The bullet kept going through the ceiling and accidentally shot Popov, the CIA’s first double agent, who had finally managed to dig his way to America and was soaking in the Oval Hot Tub upstairs.
The gun really wasn’t all that quiet, it’s just that Roosevelt was quite deaf, which is why he was president for three hundred years. He didn’t hear the rule about term limits when they mentioned it in the first Continental Congress.
The CIA kept insisting it was a very quiet gun, but the agents who used it were getting caught right and left. This could have been because their stingy brim hats were not fashionable.
The gun was named the Liberator, because it was meant to liberate better weapons from the enemy. It fired just one .45-caliber bullet, which wobbled off course when it went more than 25 feet. Enemy agents would do the ‘Neener, Neener’ dance at 26 feet, and laugh uproariously at the frustrated look on American agents’ faces.
‘The only thing you can liberate with that thing is yo’ mama’s booty!’ they would hoot, erroneously thinking Yo’ Mama Jokes were funny.
The early electronic bugs on display in the museum were essential to the Cold War, because a spy couldn’t depend on just picking up an extension in the embassy and hearing nuclear secrets. So the Soviets asked for permission to build the American embassy in Russia, and in a stunning display of trust, the Americans said yes.
The Soviets, in a stunning display of trustworthiness, embedded listening devices right in the bricks.
Midway through construction, Americans noticed that Mercury seemed to be much busier than usual, carrying messages back and forth between embassies, and started listening to the bricks. They soon discovered the Soviets’ perfidy, and told the Soviets to just listen in on the extensions so that the building would be up to code.
No collection of gadgets would be complete without secret spy cameras. One CIA spy camera was the size of a quarter, and could capture 11 pictures that would fit on the period at the end of this sentence.
If you could see them on that tiny dot, you would see dirty pictures of Zeus fooling around with nymphs and then giving birth out of his head.
Hera is the goddess of Spy Cameras, which she invented after hearing that Zeus kept getting pregnant by a bunch of nymphs he found bathing in a river.
Mercury would fly down from Mt. Olympus, after making sure The Flintstones was on TV, take pictures of Zeus and the girls, and then upload them to YouTube.
As of this writing, he has had 14 trillion hits.
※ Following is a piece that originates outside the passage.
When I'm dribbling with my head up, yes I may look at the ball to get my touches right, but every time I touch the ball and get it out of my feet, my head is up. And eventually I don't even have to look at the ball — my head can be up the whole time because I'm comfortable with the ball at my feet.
There are many other objects in this spy museum, which is disguised as a Starbucks, but I cannot reveal them to you. If I did, Zeus would have to strike you down with a thunderbolt.
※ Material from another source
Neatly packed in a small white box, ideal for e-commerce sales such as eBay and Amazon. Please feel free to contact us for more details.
He will be disguised, of course, as a nymph.
Being stricken by a nymph! Ah, the bliss! Who cares about yhe nymph morphing into Zeus! I am going to use my ESP to kiss the nymph and prevent her from taking original form.
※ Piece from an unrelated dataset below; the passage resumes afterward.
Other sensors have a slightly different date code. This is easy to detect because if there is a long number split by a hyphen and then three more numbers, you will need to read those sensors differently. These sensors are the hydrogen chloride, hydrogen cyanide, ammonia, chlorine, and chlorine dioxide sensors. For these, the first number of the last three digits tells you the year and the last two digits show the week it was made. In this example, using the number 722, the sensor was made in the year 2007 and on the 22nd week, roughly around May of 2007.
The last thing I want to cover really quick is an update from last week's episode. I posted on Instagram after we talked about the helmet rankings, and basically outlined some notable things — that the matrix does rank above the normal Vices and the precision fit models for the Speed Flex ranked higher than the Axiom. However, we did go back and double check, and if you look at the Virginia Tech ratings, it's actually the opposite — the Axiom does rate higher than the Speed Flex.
Never underestimate the power of a simple well meant kiss. Floccinaucinihilipilification, be gone!
As usual my Love, I find your writing cute and inventive.
One of the many,many things that make me Love you :>}
You’ve been reading John le Carre! He wrote about a lot of CIA stuff. That’s probably why Americans are so into his books – though most wait until they are made into TV series. Sadly, he didn’t address the UFO cover-ups which is what they are mainly interested in. I think men should definitely experience birth so they stop bleating about what a big deal women make over a “perfectly natural function”. This would greatly please the pharma companies as the sale of headache remedies would increase exponentially.
I’m trying here, but I can in no way get up to your innovative speed.
No, I haven’t read his books, but will check them out. I read the Smithsonian article, and thought the idea of the two spies comparing cuff links was a hoot!
I notice when men pass a kidney stone, they bleat a different tune.
This was ridiculously hilarious (even for you) and dangerously informative.
You have proven, once again, that you are the Master.
You think? They’re watching me aren’t they? Yipes. Where are my cuff links? Thanks, Deputy! I loved writing this.